Peter Taylor, MD, PhD, MA
Peter Taylor, MD, PhD, MA

Peter Taylor, MD, PhD, MA, head of clinical sciences at the Botnar Research Centre within the Nuffield Department of Orthopaedics, Rheumatology and Musculoskeletal Sciences, University of Oxford, will also present during the session, examining whether the CD28 immune co-stimulation pathway offers a credible therapeutic target for preventing arthralgia progression without clinical synovitis in those seropositive to classification positive RA. The presentation will include an overview of clinical studies investigating co-stimulation inhibition as an approach to preventing the onset of RA.

For a major subgroup of individuals with RA who are seropositive, gene-environment interaction may be important in the early initiation of immune pathology, according to epidemiology studies.

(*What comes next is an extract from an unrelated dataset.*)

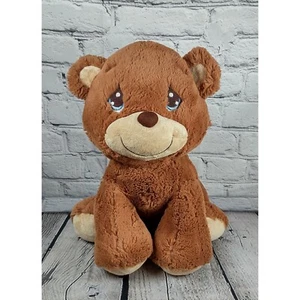 Precious Moments Brown Teddy Bear Plush Embroidered Eyes Stuffed Animal Toy - Picture 1 of 9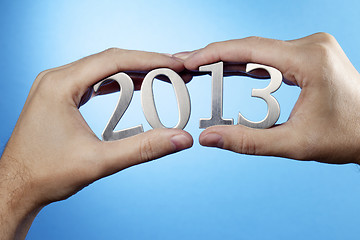 Image showing Happy New year 2013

Dr. Taylor will also discuss why T cell activation by citrullinated peptide with subsequent activation of B cells generating ACPA that occurs well before clinical symptoms in those who eventually meet RA classification criteria is considered to be a key initiating event. He also will explain how co-stimulation blockade offers an appealing therapeutic target to prevent progression to clinical RA.

“It has become clear over the last two decades that the best achievable outcomes from therapeutic intervention in rheumatoid arthritis are achieved when treatment is initiated as early as possible in the disease course,” Dr. Taylor said. “With this in mind, the 2010 ACR/EULAR classification criteria were formulated with a view to facilitating early treatment initiation. However, it remains to be seen whether it is possible to halt the progression of immunological events to the point of fulfilling classification criteria in susceptible, seropositive individuals who present with arthralgia.”